53. Mr. Vagal has relied upon the Judgments of this Court and particularly in the case of Faijan Rizvan Khan & Anr. Vs. State of Maharashtra in Criminal Appeal No.336 of 2005, decided on 7th July, 2010, reported in 2010 ALL MR (Cri) 2742. I have relied upon the very principle which has been reiterated in this case in acquitting the present Appellant for the offences punishable under Section 489-D of the Indian Penal Code. However, the conviction and sentence under Sections 489-B and 489-C of the Indian Penal Code is upheld by the learned Single Judge and equally by me in this case because the finding in that behalf was in consonance with the oral and documentary evidence.

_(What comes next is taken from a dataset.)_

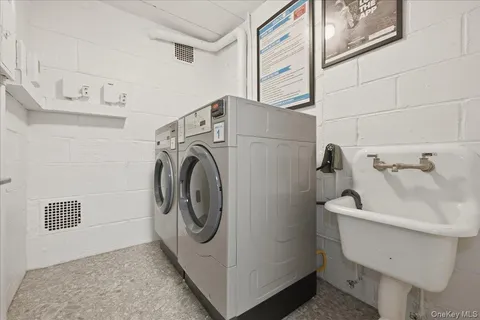 $265,000 | 101 Lincoln Avenue, Unit 4K, Mineola, NY 11501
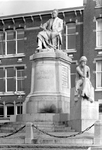 1971-754 Het beeld De Rede van het monument Van 't Hoff aan de 's-Gravendijkwal. Op de achtergrond gebouw Wolfert van ...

54. As far as the decision of the Division Bench in the case of Ashraf Hussain Shah Vs. State of Maharashtra, reported in 1996 CRI. L. J. 3147, is concerned, the principle therein in so far as non-examination of material witness is concerned, has been relied upon by me.
55. The Hon'ble Supreme Court has held that all witnesses of the Prosecution need not be called but it is important that witnesses whose evidence is essential for unfolding the narrative should be called. In this case, non-examination of PI Giri was thus fatal to the Prosecution. There is no explanation forthcoming as to why he was not examined. In such circumstances, the reliance placed on these two Judgments by Mr. Vagal is apposite. I have taken assistance of these very Judgments in allowing this Criminal Appeal partially.